Clueless, preening actors unaware of their situation: That's the idea here. The gore is played for queasy laughs, as is, dubiously, the running gag about a film Stiller's character is trying to put behind him, "Simple Jack," about a mentally challenged farmhand. (The film's "retard" references have led to a threatened boycott by various disabilities groups.)
When the film works, it's less about strident outrageousness and more about wit, and finding the right way to twist the "Platoon" and "Apocalypse Now" cliches into pretzels. My second-favorite sight gag involves Stiller's action-hero character, Tugg Speedman, rescuing what he assumes will be a grateful war orphan. But the steadiest supplier of laughs is Downey, who's playing a Serious Actor maniacally committed to his craft. How committed? He undergoes a controversial skin treatment to render him African-American in appearance so he can play the black platoon sergeant, thereby relegating the cast's actual African-American (Brandon T. Jackson) to a secondary role. I think we can agree that blackface humor is dicey humor. For it to be humor at all is an accomplishment. Fresh off "Iron Man" and looking like Fred Williamson in his "Inglorious Bastards" heyday, burying a Russell Crowe dialect deep inside the character voice he's developed for badassss Sgt. Osiris, Downey makes the conceit work because he's constantly trying to make two portrayals work, in tandem.

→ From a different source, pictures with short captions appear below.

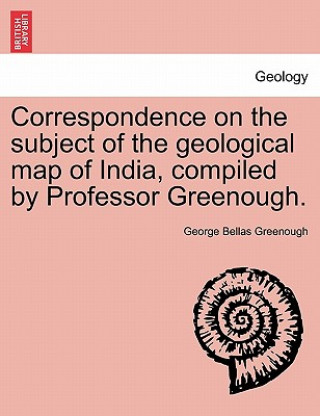 Correspondence on the Subject of the Geological Map of India, Compiled by Professor Greenough.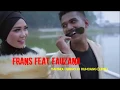 Download Lagu Frans feat Fauzana sarindu bungo jo kumbang(lirik)lagu minang terbaru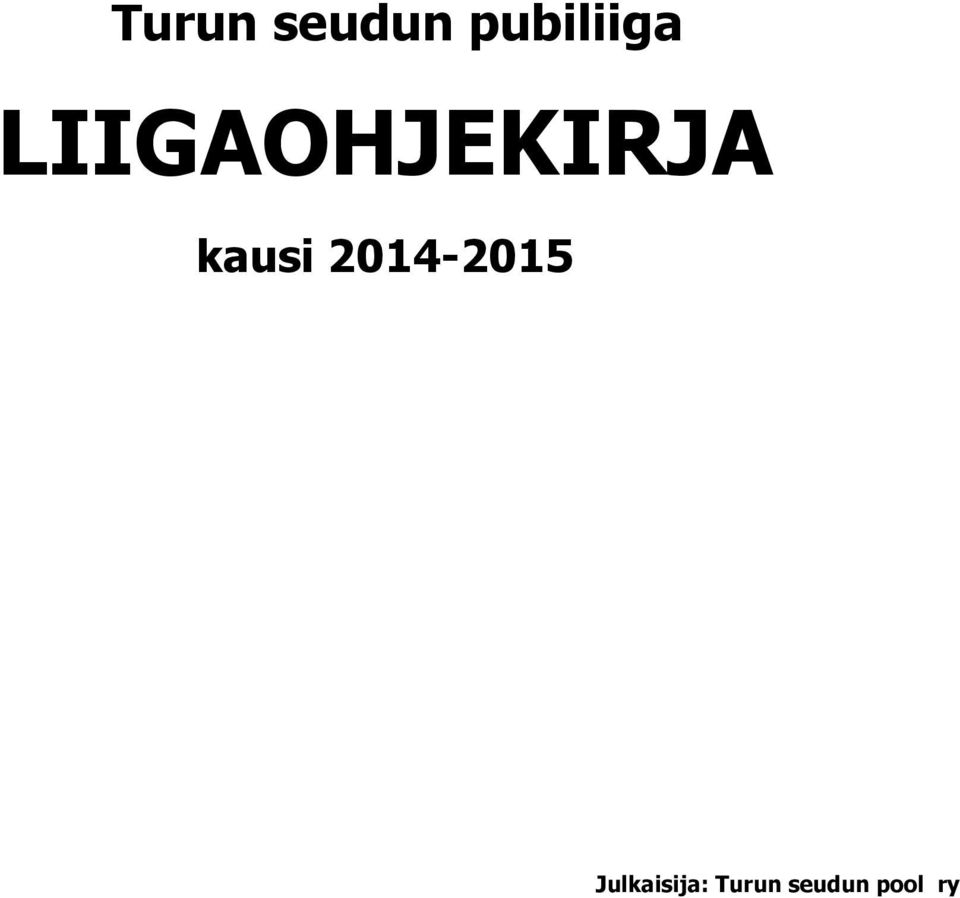 LIIGAOHJEKIRJA kausi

In the end "Tropic Thunder" is an expensive goof about an expensive goof, and the results are very impressive and fancy-looking. (John Toll shot it; he was the director of photography on "The Thin Red Line," among other epics.) Too impressive, really, to fully unleash the humor in the situations. Here's the litmus test: If you smile at the wild-eyed pose Downey strikes in the poster for "Tropic Thunder," you'll probably get your nine bucks' worth.
MPAA rating: R (for pervasive language including sexual references, violent content and drug material)
Running time: 1:47
Starring: Ben Stiller (Tugg Speedman); Jack Black (Jeff Portnoy); Robert Downey Jr. (Kirk Lazarus); Brandon T. Jackson (Alpa Chino); Jay Baruchel (Kevin Sandusky); Tom Cruise (Les Grossman); Nick Nolte (John "Four Leaf" Tayback); Matthew McConoughey (Rick Peck); Steve Coogan (Damien Cockburn)
Directed by Ben Stiller; written by Justin Theroux, Stiller and Etan Cohen; photographed by John Toll; edited by Greg Hayden; music by Theodore Shapiro; production design by Jeff Mann; produced by Stuart Cornfeld, Stiller and Eric McLeod. A DreamWorks Pictures release.